What's lurking when you need to paginate?

Offset / Limit
Let’s start with the classic approach that everyone has probably used: Offset / Limit.
SELECT
*
FROM
users
ORDER BY
created_at
LIMIT
20 OFFSET 800;
This seems convenient as you can jump to any page, but it comes at a cost: Offset is expensive. This is because Offset reads all the data first and then discards what’s not needed. This means that Offset is not an offset of the Datasource, but an offset of the Query Result. The more data there is, the more data needs to be accessed and then discarded.
Cursor
Next is using an Index Cursor.
SELECT
*
FROM
users
WHERE
_id > ${last_seen}
ORDER BY
created_at
LIMIT
20;
The advantage of this method is that it jumps to access data at the point indicated by the Index, so no matter how much data there is, it won’t read everything and then discard it. However, the disadvantage is that this method cannot use page-based pagination like the Offset method, but it can use the Index as last_seen
, which makes fetching data very fast. This is suitable for infinite scrolling pages.

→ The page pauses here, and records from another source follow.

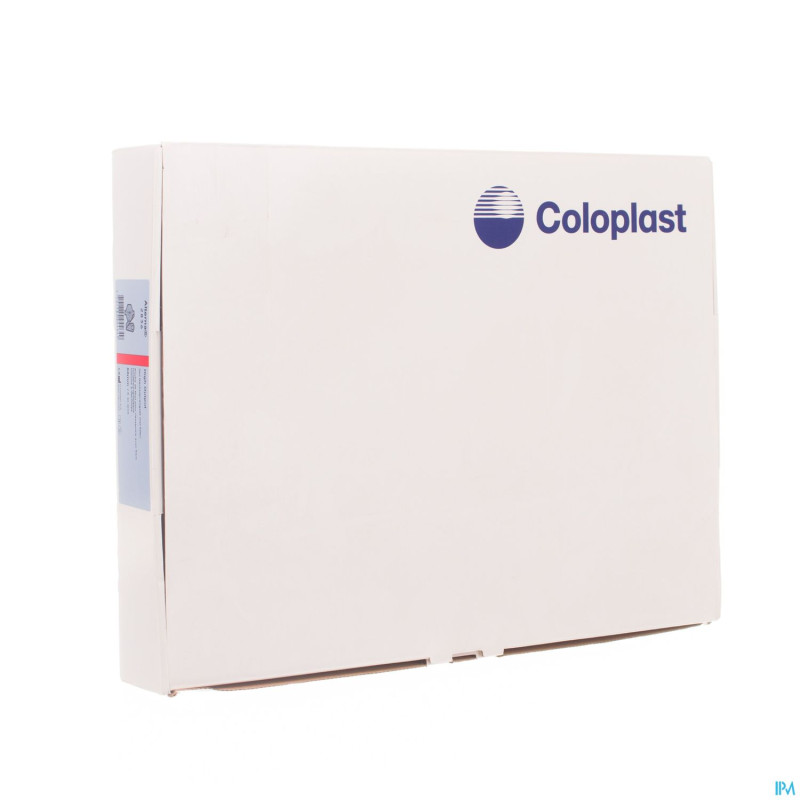 Alterna high output p/o nuit beige 50mm 5 2l 2836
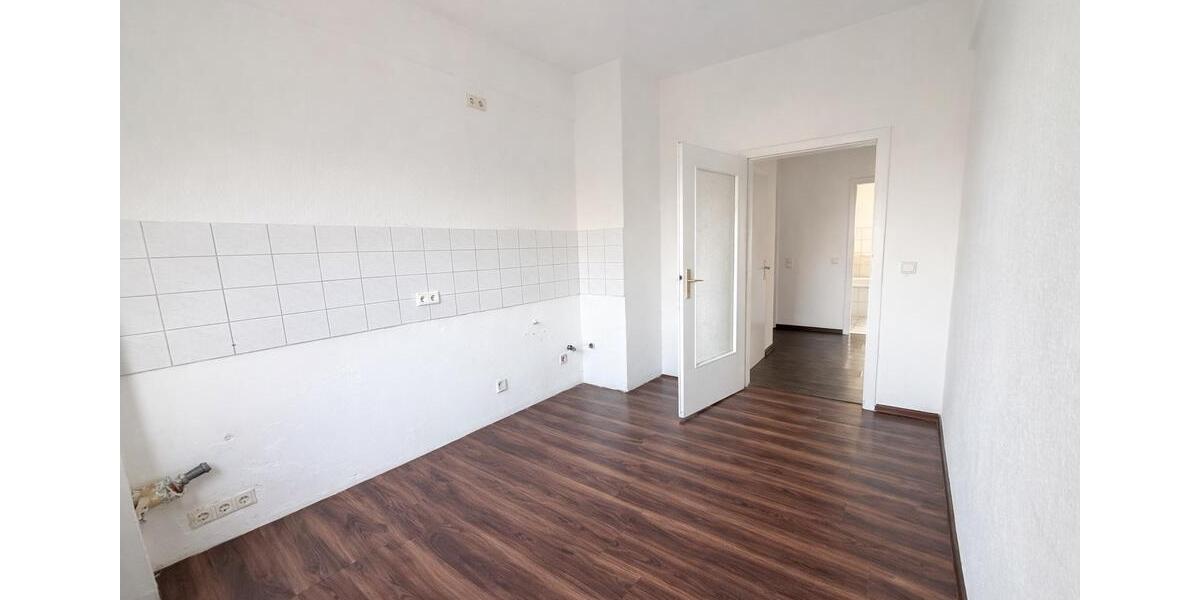 Etagenwohnung Gelsenkirchen Gelsenkirchen-Mitte - 2 Zimmer, 65 m&sup2;, 500&euro; | Angebot:26646069
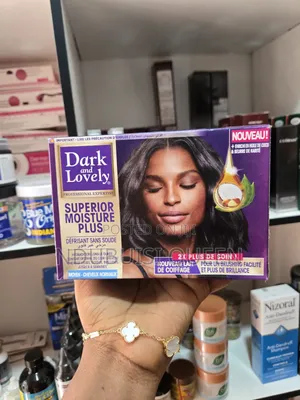 Dark and Lovely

Offset / Limit + Deferred Joins
Since Offset / Limit is convenient but wasteful, we can reduce the waste by reducing the amount of data discarded by using Deferred Joins.
SELECT
*
FROM
users
INNER JOIN (
SELECT
_id
FROM
users
ORDER BY
created_at
LIMIT
20 OFFSET 800
ORDER BY
created_at;
) AS sub_users USING (_id)
This means we select the index based on the filter to create a subset, and then join it with the actual data only for what we need.